Now, as to Apollo, I did have some kind of paper that was specific. I faintly recall it saying they were responsible for one or two key modules but they did all the verification. They were the best at making robust software. So, if I’m remembering right, the paper talked like they were handed the code other people wrote to find and fix the errors on top of their own modules. That’s impressive. So is the stacks of spec and code in assembly in the picture. The “Lessons from Apollo” article here has a description of the environment and mindset that led to that as well. Later, she and another woman spent whole career developing CASE tools (HOS and 001 Toolkit) for designing systems with no interface errors that generated code for you. It was like binary trees, Prolog, and Occam combined which is why usability and performance sucked despite it succeeding on robustness and generality.
So, that’s what I learned when I dug into it. If I get the papers again, I’ll send you the one with the attributions. No promises that I’m going to do another deep dive into that soon, though.

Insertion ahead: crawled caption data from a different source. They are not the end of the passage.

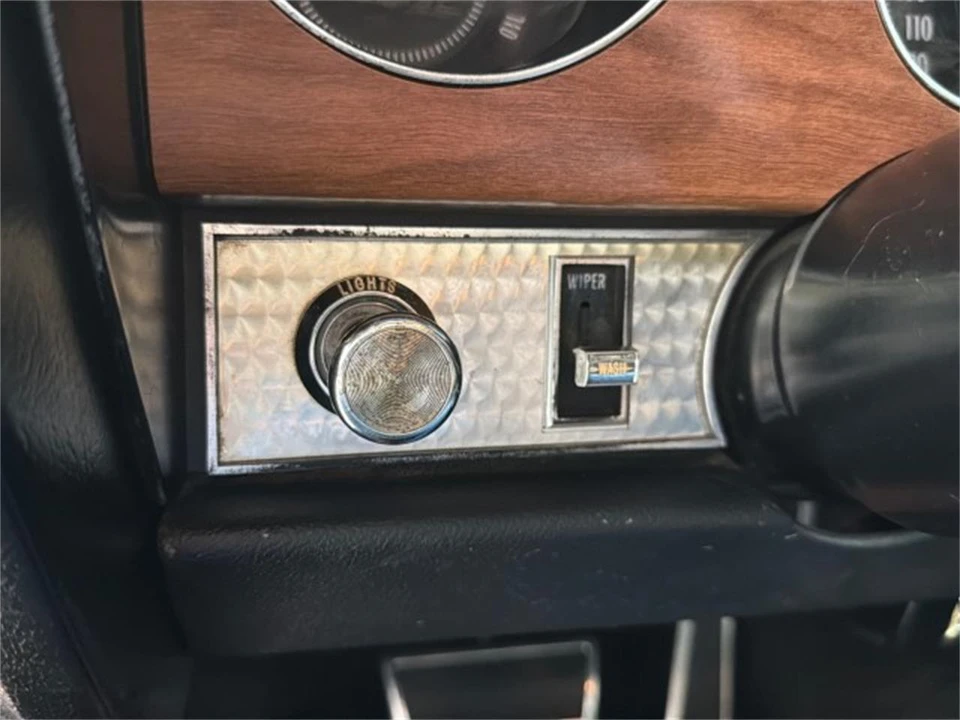 1970 Pontiac GTO 2nd Gen - Image 24 of 31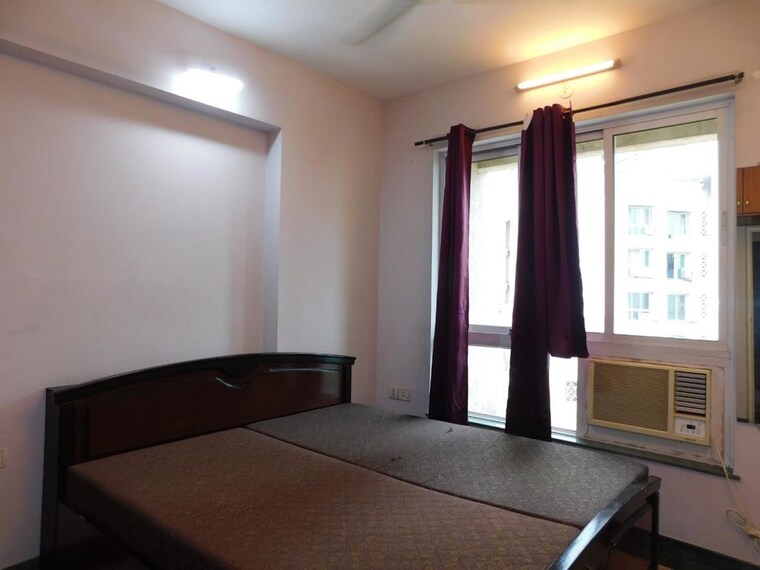 Bedroom, hiranandani-meadows 2 Bedroom 750 Sq.Ft. Apartment In Manpada Thane 10552968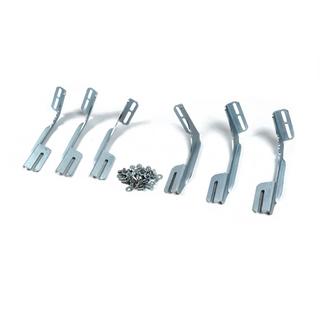 Mounting brackets for side steps photo 2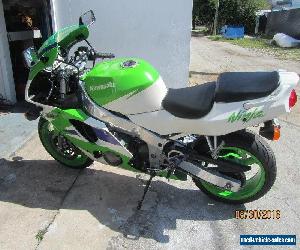 1995 Kawasaki Other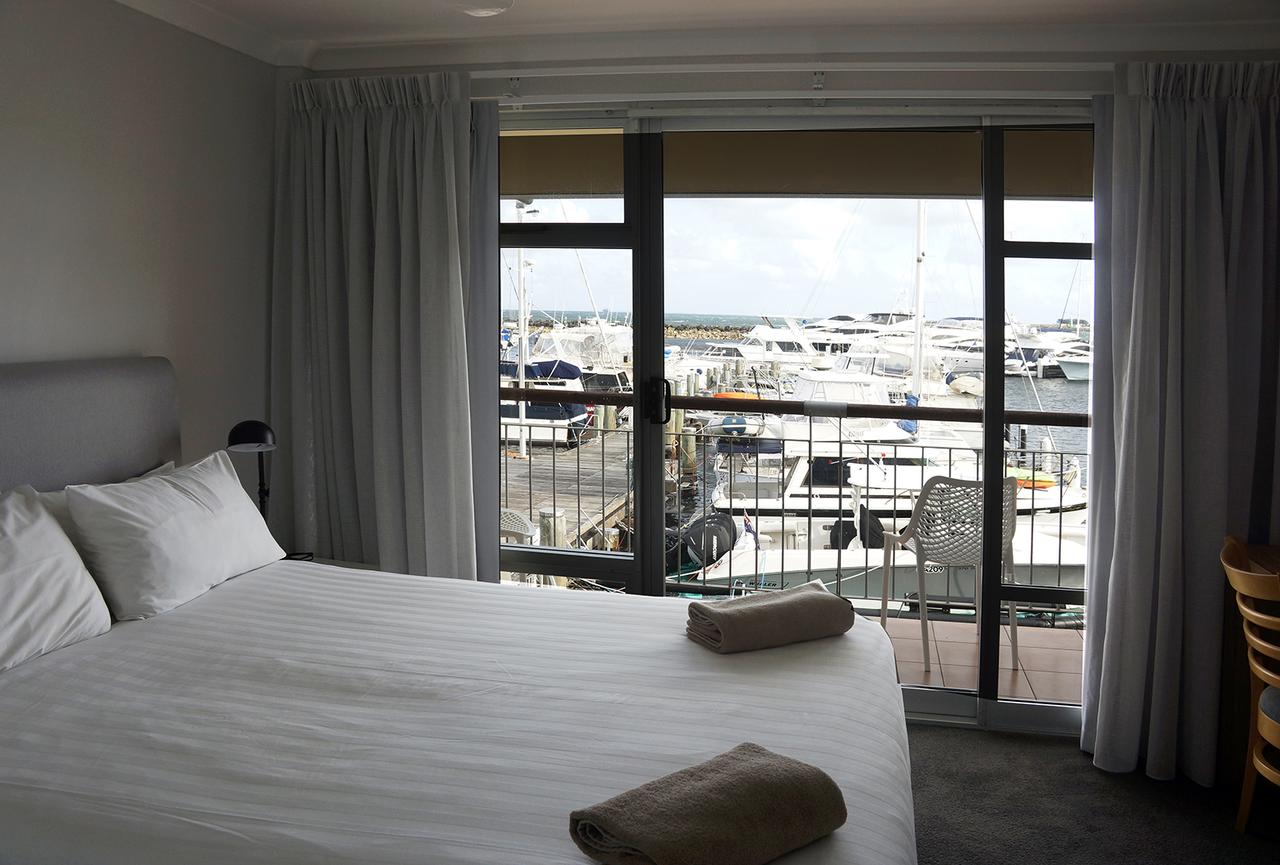  Northern Rivers Accommodation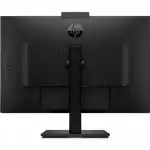 Монитор HP M27m 678U8AA (27 ", IPS, FHD 1920x1080 (16:9), 75 Гц)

That would be a very interesting project indeed! Part of the beauty and definitely one of the main reasons the Apollo program was so successful IMHO is specifically the way the work and communication was organized. To this day the project stands as a testament to how such a large-scale project should be carried out effectively. While I’m not privy to the inner working of NASA, there seems to be evidence that some of the organizational systems were lost later and this led to sever inefficiencies. It’s a pity, but luckily it offers us a wealth of learning opportunities.
On Hamilton’s side, it seemed like they mostly just let people do their work their own way. The work was also highly-valued and interesting. So, they came up with innovative solutions to their problems. This doesn’t usually happen in process-heavy or micro-managing environments.

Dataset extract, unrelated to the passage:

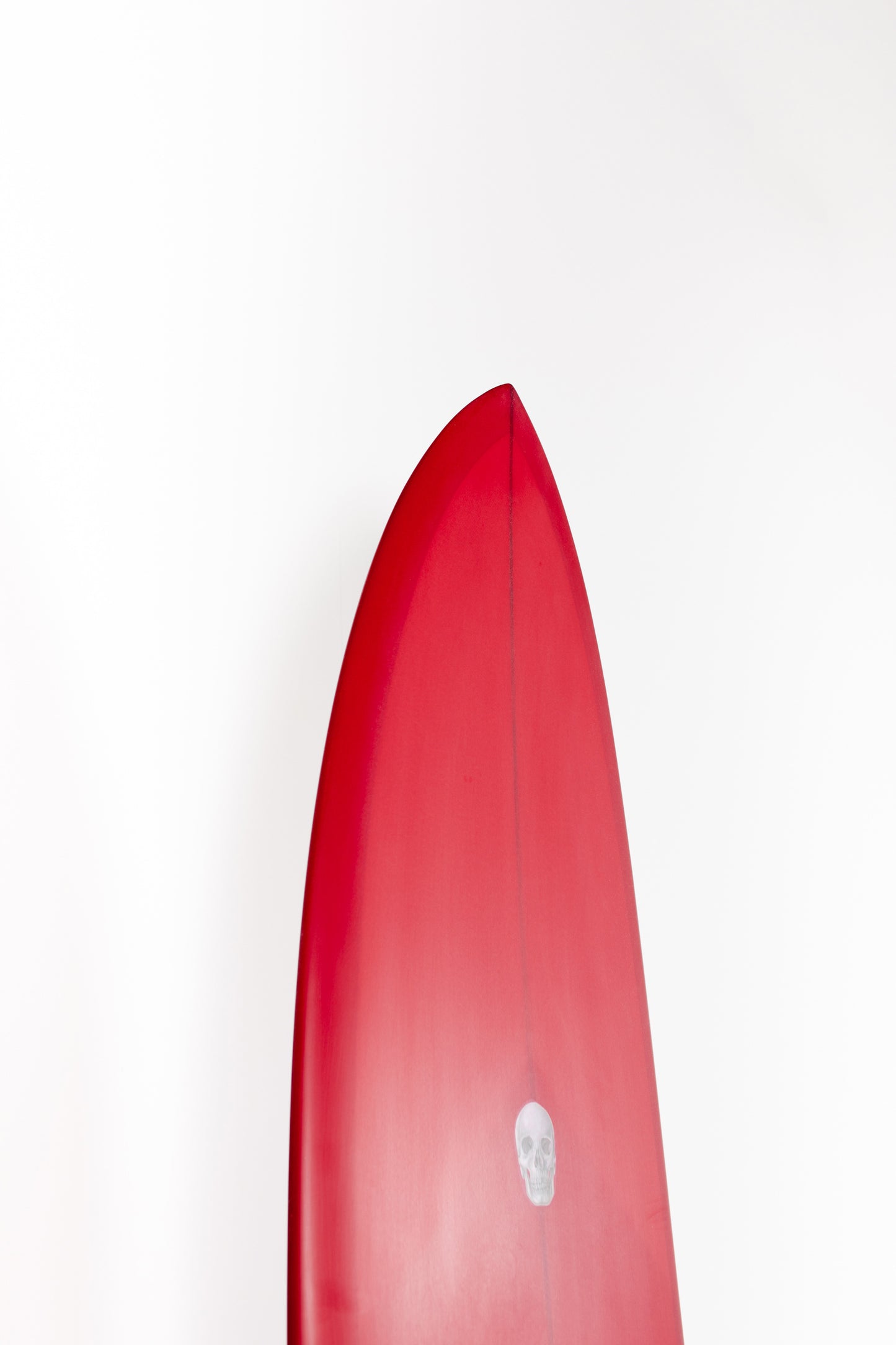 
                  
                    Pukas Surf Shop - Christenson Surfboards - FLAT TRACKER 2.0 - 7'4" x 21 1/4 x 2 7/8 - CX03151
                  
                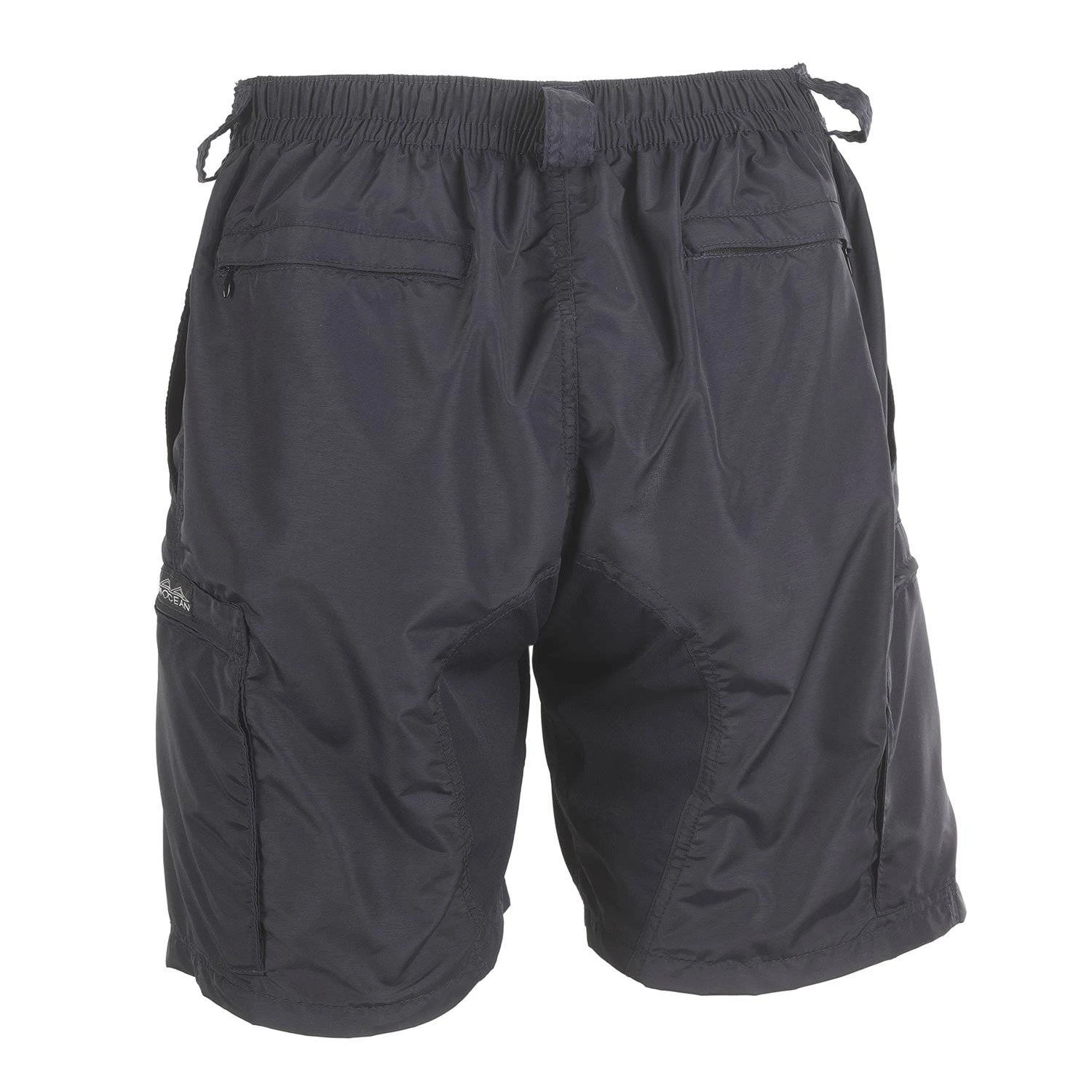 Mocean Approach Bike Shorts. - Image 4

[Comment removed by author]
I’ve never seen that one image in the Game of Life article. That looked wild. Do you have a link to that implementation and its parameters so we can replicate it?
Looks like this gun: http://www.conwaylife.com/w/index.php?title=P416_60P5H2V0_gun
Rendered: https://copy.sh/life/?pattern=p41660p5h2v0gun
And if you have some time to waste: http://www.conwaylife.com/wiki/Category:Patterns_with_1000_or_more_cells
I saw some experimentation back when I looked at it with gliders or simple patterns. I didnt know they’d taken it this far with these complex designs. Pretty amazing. Thanks for the link.